### Data shown ###

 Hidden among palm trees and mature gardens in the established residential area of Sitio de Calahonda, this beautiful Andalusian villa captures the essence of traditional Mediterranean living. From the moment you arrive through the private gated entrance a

###
### Data shown ###

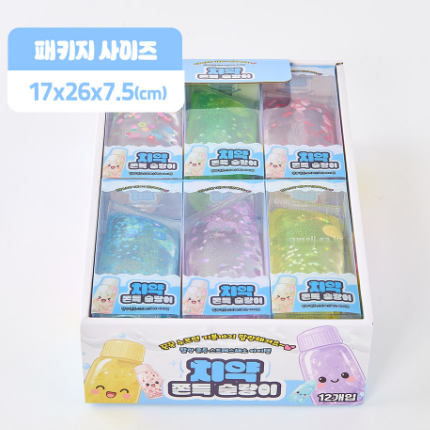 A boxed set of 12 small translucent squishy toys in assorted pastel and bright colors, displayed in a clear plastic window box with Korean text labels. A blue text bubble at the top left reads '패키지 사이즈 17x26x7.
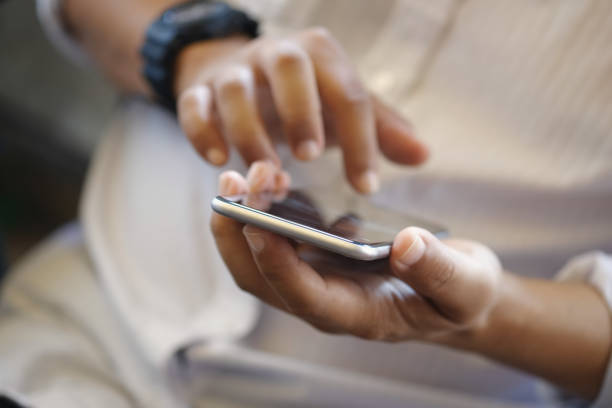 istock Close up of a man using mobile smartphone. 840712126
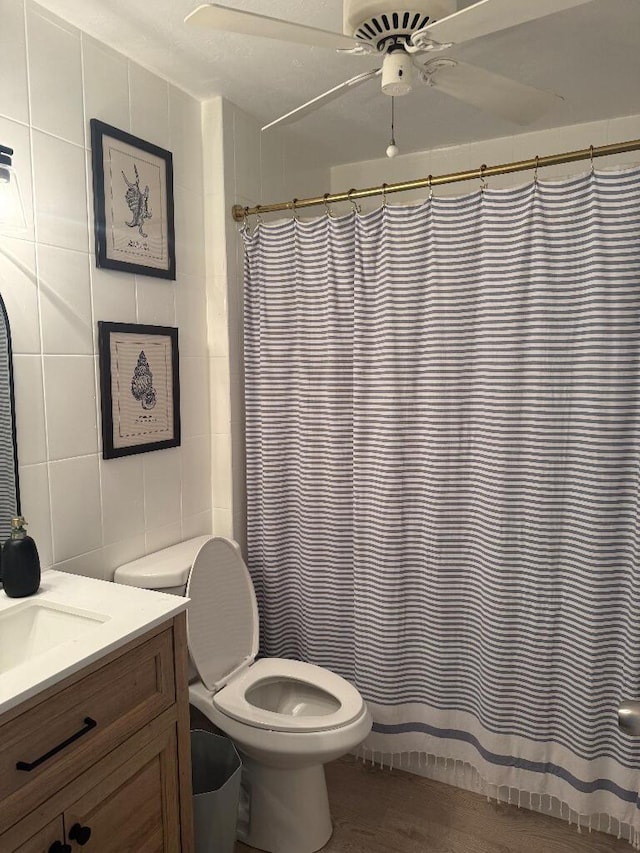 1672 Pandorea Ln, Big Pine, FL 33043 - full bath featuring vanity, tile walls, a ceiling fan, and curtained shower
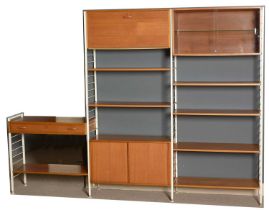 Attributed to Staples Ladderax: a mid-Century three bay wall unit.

###
### Data shown ###

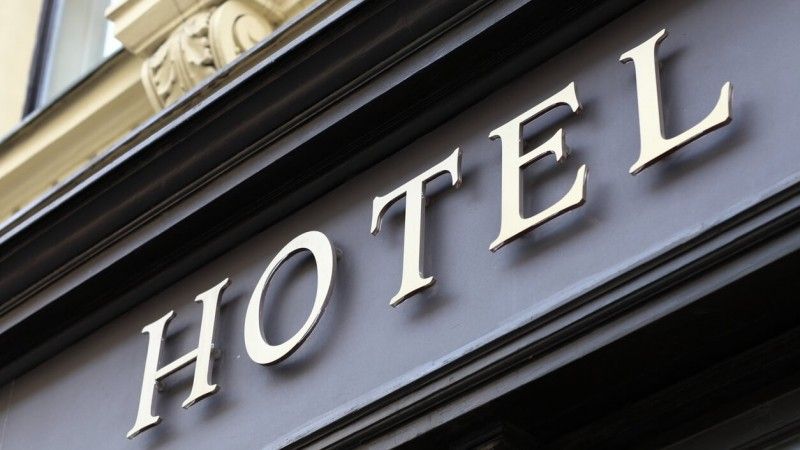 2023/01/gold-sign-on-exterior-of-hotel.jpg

###

**Work instruction:** Out of the records above, return only the lines from the one with "A boxed set" through the one with "Attributed to Staples", exactly, and none of the pictures.

**Worked solution:**
 A boxed set of 12 small translucent squishy toys in assorted pastel and bright colors, displayed in a clear plastic window box with Korean text labels. A blue text bubble at the top left reads '패키지 사이즈 17x26x7.
 istock Close up of a man using mobile smartphone. 840712126
 1672 Pandorea Ln, Big Pine, FL 33043 - full bath featuring vanity, tile walls, a ceiling fan, and curtained shower
 Attributed to Staples Ladderax: a mid-Century three bay wall unit.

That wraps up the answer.